▶ Assignment
For the records below, output every line from the one holding "基本動作（鉄棒の場）②の画像" through the final line, unaltered, and no other lines.
######
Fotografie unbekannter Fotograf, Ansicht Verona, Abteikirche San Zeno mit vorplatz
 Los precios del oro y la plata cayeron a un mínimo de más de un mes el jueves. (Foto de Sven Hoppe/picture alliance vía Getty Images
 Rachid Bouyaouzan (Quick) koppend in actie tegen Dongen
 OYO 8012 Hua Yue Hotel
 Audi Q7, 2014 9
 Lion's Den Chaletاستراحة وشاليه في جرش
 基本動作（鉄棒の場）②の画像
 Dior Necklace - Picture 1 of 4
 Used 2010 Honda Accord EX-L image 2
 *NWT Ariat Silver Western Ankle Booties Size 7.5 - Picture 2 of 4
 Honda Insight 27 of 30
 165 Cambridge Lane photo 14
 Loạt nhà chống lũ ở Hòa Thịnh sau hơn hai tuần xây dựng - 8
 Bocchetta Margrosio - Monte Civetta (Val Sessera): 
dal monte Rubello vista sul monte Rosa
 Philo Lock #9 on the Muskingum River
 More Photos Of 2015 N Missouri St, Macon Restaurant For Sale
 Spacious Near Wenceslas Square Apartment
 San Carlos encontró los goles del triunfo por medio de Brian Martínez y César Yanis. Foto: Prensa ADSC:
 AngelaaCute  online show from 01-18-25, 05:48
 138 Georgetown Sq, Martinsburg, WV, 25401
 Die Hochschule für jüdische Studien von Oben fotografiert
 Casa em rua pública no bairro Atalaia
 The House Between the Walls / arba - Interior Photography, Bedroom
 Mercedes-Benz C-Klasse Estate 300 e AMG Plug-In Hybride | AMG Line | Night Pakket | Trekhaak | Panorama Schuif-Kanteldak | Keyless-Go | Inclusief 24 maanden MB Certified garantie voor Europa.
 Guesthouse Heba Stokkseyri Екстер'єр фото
######
▶ Solution to the problem
 基本動作（鉄棒の場）②の画像
 Dior Necklace - Picture 1 of 4
 Used 2010 Honda Accord EX-L image 2
 *NWT Ariat Silver Western Ankle Booties Size 7.5 - Picture 2 of 4
 Honda Insight 27 of 30
 165 Cambridge Lane photo 14
 Loạt nhà chống lũ ở Hòa Thịnh sau hơn hai tuần xây dựng - 8
 Bocchetta Margrosio - Monte Civetta (Val Sessera): 
dal monte Rubello vista sul monte Rosa
 Philo Lock #9 on the Muskingum River
 More Photos Of 2015 N Missouri St, Macon Restaurant For Sale
 Spacious Near Wenceslas Square Apartment
 San Carlos encontró los goles del triunfo por medio de Brian Martínez y César Yanis. Foto: Prensa ADSC:
 AngelaaCute  online show from 01-18-25, 05:48
 138 Georgetown Sq, Martinsburg, WV, 25401
 Die Hochschule für jüdische Studien von Oben fotografiert
 Casa em rua pública no bairro Atalaia
 The House Between the Walls / arba - Interior Photography, Bedroom
 Mercedes-Benz C-Klasse Estate 300 e AMG Plug-In Hybride | AMG Line | Night Pakket | Trekhaak | Panorama Schuif-Kanteldak | Keyless-Go | Inclusief 24 maanden MB Certified garantie voor Europa.
 Guesthouse Heba Stokkseyri Екстер'єр фото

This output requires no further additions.